The IDF said it shelled the sources of the missile and rocket fire with artillery and carried out a number of airstrikes against sites belonging to Hezbollah.

On Sunday, the IDF also announced it was restricting the area of up to four kilometers from the Lebanon border, ordering civilians not to enter.

On Friday, the IDF declared some areas in the border town of Metula a closed military zone. Metula in recent days had recommended that residents leave the town amid the tensions.

Israel has traded fire with Hezbollah and allied Palestinian factions in Lebanon several times in recent days, although the tit-for-tat attacks have remained limited in scope.

In total, at least five Israeli soldiers, four Hezbollah terrorists, and five Palestinian terrorists have been killed in the exchanges. One Israeli civilian was killed in the Hezbollah attack Sunday, and two Lebanese civilians and a journalist were also reported killed by Israeli shelling.

An Israeli Merkava tank drives into position in the north of Israel near the border with Lebanon on October 15, 2023. (Jalaa MAREY / AFP)

Hezbollah has fired several anti-tank guided missiles, rockets, and mortars at Israeli military positions in recent days, while Palestinian groups such as Hamas and the Islamic Jihad have both launched rockets and sent gunmen to infiltrate into Israel.

The IDF has bolstered forces in northern Israel amid fears that the Lebanon-based Hezbollah terror group will open up a second front in the war triggered by last weekend’s unprecedented Hamas assault from the Gaza Strip.

War erupted after Hamas’s October 7 massacre, which saw more than 1,500 terrorists burst across the border into Israel from the Gaza Strip by land, air and sea, killing over 1,300 people and seizing 150-200 hostages of all ages under the cover of a deluge of thousands of rockets fired at Israeli towns and cities. The vast majority of those killed as gunmen rampaged through border communities were civilians — men, women, children and the elderly.

Residents of communities near the Gaza border have also already been evacuated amid the fighting.

Smoke rises from Israeli shelling on the outskirts of the Lebanese village of Kfar Chouba, Lebanon, Oct. 14, 2023. (AP Photo/Mohammed Zaatari)

With alert levels high, Hezbollah said Friday it would be “fully prepared” to join its Palestinian ally Hamas in the war against Israel when the time is right.

Iran has also issued threats of a wider confrontation.

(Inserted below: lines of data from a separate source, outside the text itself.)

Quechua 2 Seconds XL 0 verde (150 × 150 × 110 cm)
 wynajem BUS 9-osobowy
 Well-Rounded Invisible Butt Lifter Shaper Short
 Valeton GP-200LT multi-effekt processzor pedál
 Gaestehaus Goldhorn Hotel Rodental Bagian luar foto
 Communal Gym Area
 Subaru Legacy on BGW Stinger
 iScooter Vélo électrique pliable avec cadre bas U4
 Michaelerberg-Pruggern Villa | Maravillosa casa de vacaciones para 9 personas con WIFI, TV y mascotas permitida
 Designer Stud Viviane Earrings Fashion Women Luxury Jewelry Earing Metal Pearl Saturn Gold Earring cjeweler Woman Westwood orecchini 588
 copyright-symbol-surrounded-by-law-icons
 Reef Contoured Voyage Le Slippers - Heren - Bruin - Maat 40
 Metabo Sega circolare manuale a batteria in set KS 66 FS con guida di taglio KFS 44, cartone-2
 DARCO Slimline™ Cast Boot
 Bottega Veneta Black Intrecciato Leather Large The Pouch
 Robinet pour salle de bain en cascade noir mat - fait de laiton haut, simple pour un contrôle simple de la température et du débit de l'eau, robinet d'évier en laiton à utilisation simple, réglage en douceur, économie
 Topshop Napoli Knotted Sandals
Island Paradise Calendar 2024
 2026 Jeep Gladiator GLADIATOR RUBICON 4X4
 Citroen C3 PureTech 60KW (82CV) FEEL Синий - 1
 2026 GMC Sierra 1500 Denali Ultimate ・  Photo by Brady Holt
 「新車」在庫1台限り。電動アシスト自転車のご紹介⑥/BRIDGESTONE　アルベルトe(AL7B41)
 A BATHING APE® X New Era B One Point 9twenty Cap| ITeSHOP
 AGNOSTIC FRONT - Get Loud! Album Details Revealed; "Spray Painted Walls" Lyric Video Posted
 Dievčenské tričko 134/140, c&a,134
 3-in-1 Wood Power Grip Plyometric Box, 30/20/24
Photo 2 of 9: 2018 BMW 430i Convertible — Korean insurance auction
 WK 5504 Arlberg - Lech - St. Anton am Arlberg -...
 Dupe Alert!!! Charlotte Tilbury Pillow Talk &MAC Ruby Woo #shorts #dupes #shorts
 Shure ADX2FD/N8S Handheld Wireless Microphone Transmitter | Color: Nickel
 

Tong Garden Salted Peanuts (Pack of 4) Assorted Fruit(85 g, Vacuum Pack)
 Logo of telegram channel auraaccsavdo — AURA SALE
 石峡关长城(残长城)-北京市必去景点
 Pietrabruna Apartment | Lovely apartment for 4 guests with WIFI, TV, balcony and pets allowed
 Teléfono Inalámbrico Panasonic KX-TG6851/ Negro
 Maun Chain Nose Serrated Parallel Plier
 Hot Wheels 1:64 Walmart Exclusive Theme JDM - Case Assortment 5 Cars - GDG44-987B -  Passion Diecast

The United States has sent a second carrier strike group, the USS Dwight D. Eisenhower, to the Eastern Mediterranean, where, according to US Defense Secretary Lloyd Austin, it will join the Gerald R. Ford carrier strike group “as part of our effort to deter hostile actions against Israel or any efforts toward widening this war following Hamas’s attack on Israel.”

Israel has retaliated for the unprecedented Hamas assault by striking the terror group’s targets in the Gaza Strip, saying it aims to destroy Hamas and will target anywhere Hamas operates. This weekend it urged civilians to evacuate the northern Gaza area. Some 2,600 people have been killed in the strikes on Gaza, according to the Hamas-run health ministry. The IDF also said it has killed some 1,500 terrorists inside Israel.